While these macroeconomic institutional arrangements added up to provide resilience during the GFC, New Zealand's industrial structure also helped prevent the GFC from disproportionately impacting on GDP compared with other OECD countries.[24] New Zealand's flexible labour markets responded to the downturn more with lower hours worked and wage restraint, and less with higher jobs losses. This was further aided by New Zealand's export volumes generally not being too adversely affected by the immediate impact of the GFC before growing again.[25]

Notes

  • [19]“Recourse" means that, in case of a default, the mortgagee can seize and sell the security held against the mortgage as well as the mortgagor's un-pledged assets and properties.
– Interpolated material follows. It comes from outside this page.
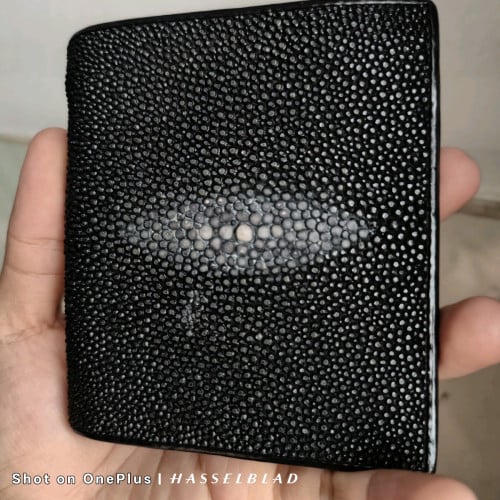 កាបូបស្បែកបបែលសុទ្ធ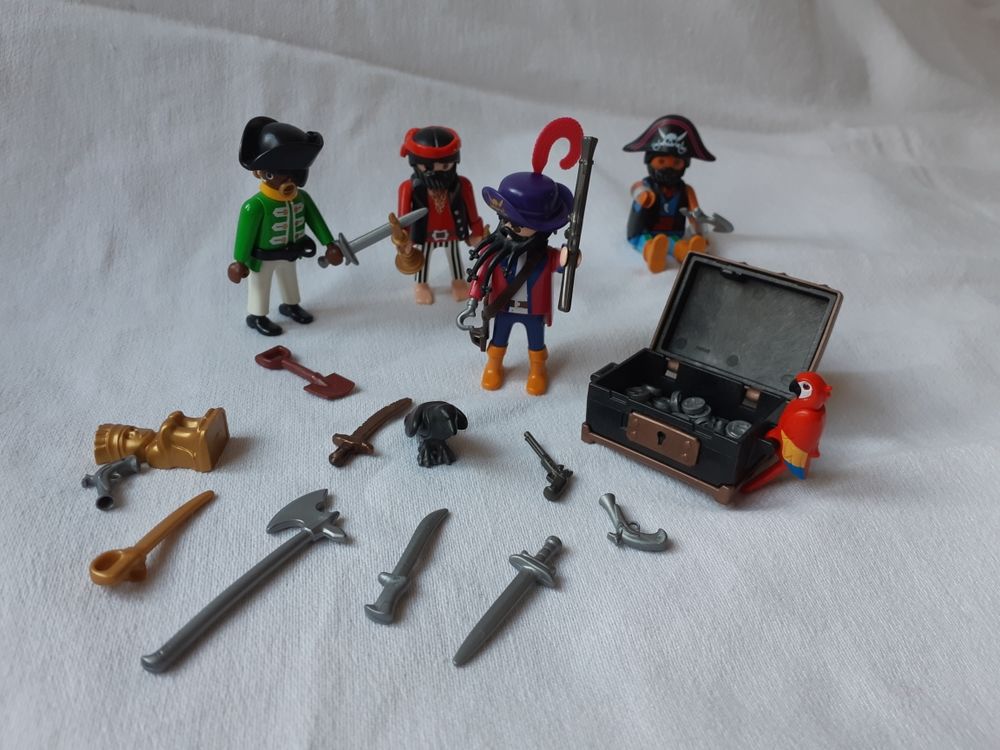 Petit ensemble playmobil pirates Jeux / jouets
If this is insufficient, then redress can be also sought from the mortgagor’s future income.
  • [20]Amongst other prudential regulations, the RBNZ publishes a six-monthly Financial Stability Report to gauge the overall soundness and efficiency of the financial system, and help identify economy-wide concerns that may require a response. These reports have consistently reported that New Zealand's banking system is financially sound.
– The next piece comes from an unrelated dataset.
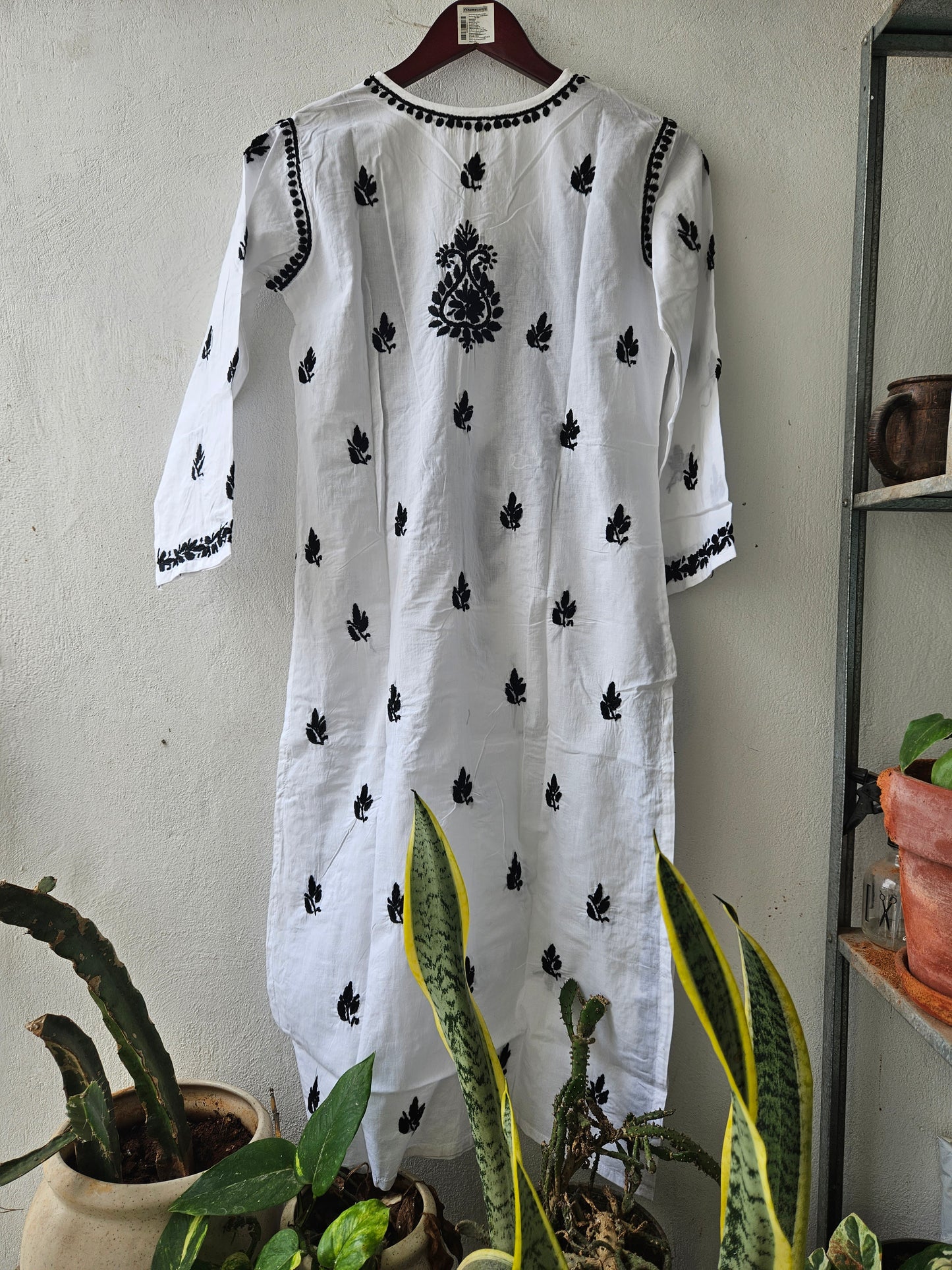 Aisha Cotton Chikankari Kurta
  • [21]In particular, this would be accentuated if significant increases in central bank domestic liquidity were needed to help manage global funding interruptions.
  • [22]This covers organisations tasked with managing the macroeconomy, the legislation underpinning them, and management and operational practices.
  • [23]In 2008, New Zealand's relatively low level of sovereign debt enabled the government to credibly backstop the banking system during the global funding crisis.
  • [24]For the total OECD, the percentage change in real annual average expenditure GDP for the calendar year in 2009 was -3.5%, but in 2010 it was estimated to have been 2.9%. This compares to 0.0% and 2.5% respectively for New Zealand. However, measured from the peak of economic activity to the trough, the decline in New Zealand is substantial at -2.5%, or on a production GDP basis -3.8%.
  • [25]New Zealand's exports are mainly commodities that have relatively stable sales volumes, and so unlike manufactured exports like machinery, changes in supply and demand tend to be marginal, but have bigger impact on prices rather than volumes sold. Continuing strong growth in China probably explains the quick recovery and continuing global strength of commodity prices from their initial short, but sharp, dip during the GFC. Also, the strength of Australia has helped underpin tourism and manufacturing.